Foi como perder alguns ingredientes ao longo da diáspora e constatar que a fome era meu único tempero. E assim, cozinhei a mim mesmo um verão inteiro. Ao ponto.
01 Janeiro 2020
A gente não pode perder o gosto pelo sublime. Muitas vezes é só uma questão de ajuste de botões, o que mesmo assim pode tomar um tempo imensurável. Ainda que não se possua prazos nem scripts, o prazer das entrelinhas subentendidas transbordará incondicionalmente num certo momento, emergindo o texto do que somos no teatro do tempo.
4 Janeiro
Assim os rascunhos têm surgido: aos fragmentos. E assim vou cumprindo a exposição de retalhos, sem intuito ou pressa de passar tudo a limpo, por reverência aos sons soprados em forma de palavras.
Com frequência não é clara a forma de expressão. Todavia ela permeia um certo estado, uma predisposição que não pertence à fala coloquial nem ao fluxo de pensamentos. Artes de pitonisa. Criar é um oráculo cujo fenômeno desconheço. Mas sinto plenamente o calor de seu circuito abrindo veios, o vapor de mistérios surgindo entre pedras, a embriaguês epiléptica de um transe a mais se revelando e me absorvendo… Depois, mais um pássaro é solto na amplitude do céu sem fronteiras.

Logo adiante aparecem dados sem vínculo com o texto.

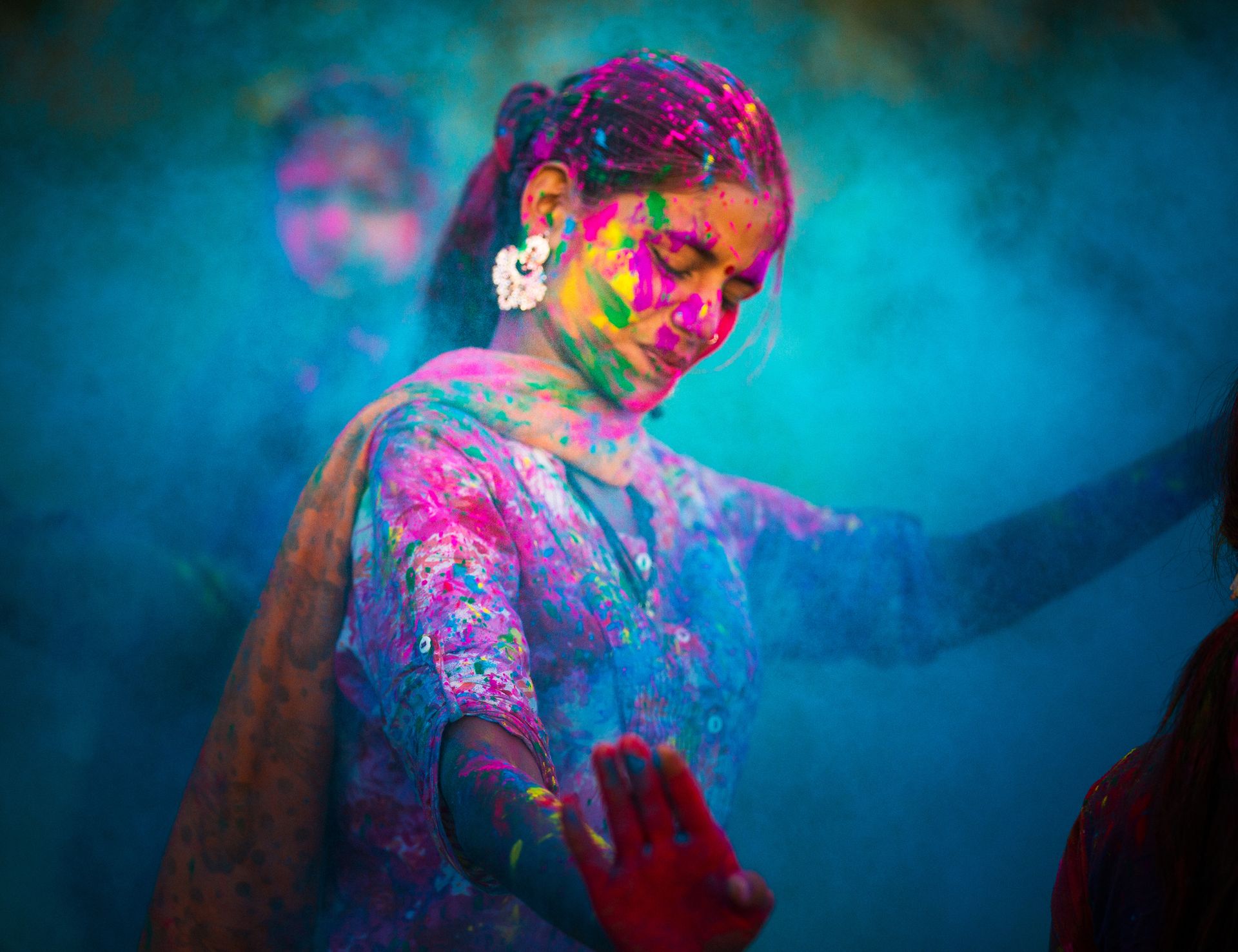 festival de holi en inde, jaipur(c)istock-thepalmer-490136776.jpg
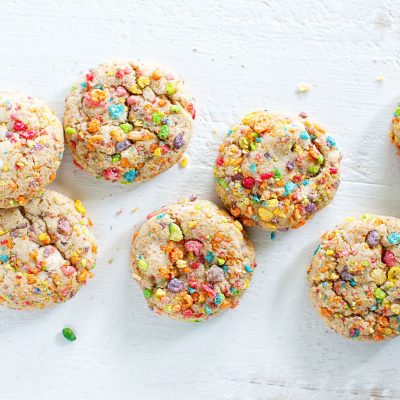 Not According To Plan…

E sua raiz é vida, em seu mais simples e ordinário sentido. Assim como as panelas, que sempre foram conteúdos plenos de poesia. Todos os ensinamentos apontam o mais simples como expressão da verdade. Por isso, dogmas jamais ecoaram em minhas entranhas.
5 Janeiro
Mohaned ligou agora à tarde me convidando para comer shawarma com ele em Akko. Ele tinha algumas coisas a fazer por aqui. Mas declinei e disse que tinha um trabalho a fazer no computador. Não perdi meu amor por eles mas não devo lealdade. Ainda assim conversamos um pouco por telefone e como sempre ele desfiou seu rosário de queixas. Sinto enjoos de pensar naquele lugar. É como estar livre de um campo de concentração. No entanto, a experiência em compreensão social que esse restaurante me possibilitou é profunda.
6 Janeiro
Estava muito frio ontem e não quis sair de casa. Todos os domingos tenho um compromisso com Antonio pelo whatsapp, quando fazemos uma meditação longa que toma pelo menos uma hora de prática. Ele veio a Israel em 2018 para fazer aquele que, penso, foi o último retiro que Dan ministrou por aqui. Antonio fez esforços descomunais para essa viagem.

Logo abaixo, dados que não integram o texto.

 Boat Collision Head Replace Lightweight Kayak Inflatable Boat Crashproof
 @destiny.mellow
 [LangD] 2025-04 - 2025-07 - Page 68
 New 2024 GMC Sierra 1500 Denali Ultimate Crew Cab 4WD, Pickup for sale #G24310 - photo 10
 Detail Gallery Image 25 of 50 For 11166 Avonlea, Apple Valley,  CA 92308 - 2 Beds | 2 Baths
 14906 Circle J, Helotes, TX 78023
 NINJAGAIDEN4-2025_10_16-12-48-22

Tem chovido torrencialmente desde o natal. Há muitos dias não saio à rua. Continuo ocupado em meu silêncio.
Todos esses meses de reclusão foram primordiais no sentido de olhar livremente através do tempo, de reconhecer a vibração do húmus em seu diálogo com as raízes, de contemplar a criação de um poema martelando vulcanos pelos frisos e ver surgir do meio dele uma outra poesia que faz parte da mesma gestação mas que urge outras vias respiratórias. Prana foi assim
Quando brota, seja uma flor, um escrito ou um novo dia, é porque caminhos originais abriram-se através do destino, rotas virgens foram criadas pelo breu da terra até avistar um sol latejante e que finalmente, algo pode agora reverenciar, pulsando. Viver não tem marcação de palco. O legítimo é nevrálgico, está exposto sem qualquer defesa ou referência. É o preço do sublime. Tudo mais, sombras periféricas por onde tateamos neblinas.